In Jersey City, the Board of Commissioners recently wrestled with Executive Director Maria Maio over issues like the future demolition of some of public housing complexes (to be replaced eventually with mixed-income units) and the fact that the board chairman was removed for allegedly not taking the required courses in time.
An estimated 7,000 to 8,000 people live in Jersey City public housing, and another 10,000 people get Section 8 vouchers through the agency. The agency has 250 employees, from $8,000 part-timers doing maintenance work to Maio’s $155,800 as executive director.

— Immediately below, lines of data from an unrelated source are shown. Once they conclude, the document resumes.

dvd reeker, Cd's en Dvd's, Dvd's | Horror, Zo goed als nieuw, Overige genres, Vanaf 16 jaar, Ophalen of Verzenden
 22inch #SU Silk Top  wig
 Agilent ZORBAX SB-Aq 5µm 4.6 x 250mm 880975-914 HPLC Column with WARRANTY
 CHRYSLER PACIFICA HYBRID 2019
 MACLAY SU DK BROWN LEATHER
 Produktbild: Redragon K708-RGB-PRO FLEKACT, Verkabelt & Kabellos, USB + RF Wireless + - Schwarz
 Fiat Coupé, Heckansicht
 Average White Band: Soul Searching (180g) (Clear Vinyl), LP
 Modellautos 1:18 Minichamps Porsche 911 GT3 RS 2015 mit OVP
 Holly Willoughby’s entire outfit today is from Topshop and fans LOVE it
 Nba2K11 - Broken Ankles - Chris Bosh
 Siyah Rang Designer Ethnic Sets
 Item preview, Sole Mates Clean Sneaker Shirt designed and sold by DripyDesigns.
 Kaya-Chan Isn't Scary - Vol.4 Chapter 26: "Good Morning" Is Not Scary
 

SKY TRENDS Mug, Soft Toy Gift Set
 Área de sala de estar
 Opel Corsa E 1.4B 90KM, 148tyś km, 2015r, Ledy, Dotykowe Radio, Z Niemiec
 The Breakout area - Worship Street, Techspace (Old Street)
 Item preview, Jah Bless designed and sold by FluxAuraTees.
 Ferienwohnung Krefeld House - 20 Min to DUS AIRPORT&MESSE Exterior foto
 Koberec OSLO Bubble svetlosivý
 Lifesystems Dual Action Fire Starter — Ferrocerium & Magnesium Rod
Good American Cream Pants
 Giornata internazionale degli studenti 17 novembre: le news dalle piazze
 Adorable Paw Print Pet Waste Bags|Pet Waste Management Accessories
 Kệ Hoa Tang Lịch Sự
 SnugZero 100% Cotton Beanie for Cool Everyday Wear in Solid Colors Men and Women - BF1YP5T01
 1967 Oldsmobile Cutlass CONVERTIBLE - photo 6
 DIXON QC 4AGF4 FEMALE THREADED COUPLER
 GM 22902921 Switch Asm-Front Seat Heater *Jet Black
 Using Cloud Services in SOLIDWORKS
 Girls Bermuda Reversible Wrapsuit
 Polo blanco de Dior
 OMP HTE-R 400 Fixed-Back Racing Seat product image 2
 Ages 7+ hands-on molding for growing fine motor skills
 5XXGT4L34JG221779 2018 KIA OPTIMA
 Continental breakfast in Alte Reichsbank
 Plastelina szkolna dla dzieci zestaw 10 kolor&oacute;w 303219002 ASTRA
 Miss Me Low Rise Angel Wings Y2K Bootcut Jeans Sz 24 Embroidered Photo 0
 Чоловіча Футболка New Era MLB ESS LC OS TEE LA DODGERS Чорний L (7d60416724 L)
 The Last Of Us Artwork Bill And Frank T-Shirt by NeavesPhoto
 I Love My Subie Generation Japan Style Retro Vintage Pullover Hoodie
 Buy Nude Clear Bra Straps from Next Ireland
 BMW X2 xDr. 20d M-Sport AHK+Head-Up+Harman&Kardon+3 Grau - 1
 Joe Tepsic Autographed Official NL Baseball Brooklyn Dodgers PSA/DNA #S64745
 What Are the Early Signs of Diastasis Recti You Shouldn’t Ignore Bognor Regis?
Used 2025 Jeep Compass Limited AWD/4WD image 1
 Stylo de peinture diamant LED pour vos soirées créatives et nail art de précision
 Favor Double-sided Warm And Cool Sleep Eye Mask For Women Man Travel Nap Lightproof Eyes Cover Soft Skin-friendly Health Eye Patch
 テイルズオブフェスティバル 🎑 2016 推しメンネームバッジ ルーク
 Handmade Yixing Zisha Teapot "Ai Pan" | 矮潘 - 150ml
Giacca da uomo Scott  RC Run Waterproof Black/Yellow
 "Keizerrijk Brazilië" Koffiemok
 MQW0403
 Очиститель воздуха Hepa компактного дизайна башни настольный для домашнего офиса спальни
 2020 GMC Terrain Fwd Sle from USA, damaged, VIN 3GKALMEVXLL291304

Right now, the JCHA, like other housing authorities across the country, is subject to a HUD policy known as “stop-loss.” That means that they will experience a decline in federal funding this year, but can have their losses stopped at 5 percent if they can show a successful conversion to “asset management.” Asset management is a recent HUD policy making the individual housing sites responsible for their own management and working with their own budgets, rather than all management decisions being made at a central office.
Tenants and others connected to the JCHA have said that HUD’s policies are basically a way for the federal government to shift its duties to others.
“The federal government has largely gotten out of the business of providing affordable housing,” said Kevin Walsh, senior counsel with Fair Share Housing, a housing advocacy group in Camden.
“Public housing really is a direction-less program, from top to bottom,” said Margery Austin Turner, director of the Urban Institute Metropolitan Housing and Community Policy Center. “Right now there are no clear signals from the government. We don’t know what the government plans to do with this program long-term.”
And what of the tenants?
This leaves local appointees, mayors, and sometimes inexperienced directors to try to oversee a necessity of life – housing – without mismanaging the funds and being influenced politically.
Meanwhile, tenants are just waiting for the locks to be fixed on their doors or the drug dealers to be pushed out of the halls.
Deana Martinez, a resident of Jersey City’s Marion Gardens complex, is worried about a broken banister in her stairwell, where kids often roughhouse.
“It’s been like this for three weeks,” Martinez, who lives there with her two children. “You can see someone taped it together. But I’m afraid someone could fall and get hurt.”
She said she had called management several times to get the jagged railing fixed. She said no one could give her an estimate of when a maintenance crew might repair the damage.
“I’m going to keep calling until they fix it,” she said. “I’m not going to stand for living in a crappy building, just ’cause I live in public housing.”
Staff writer Ricardo Kaulessar contributed to this story.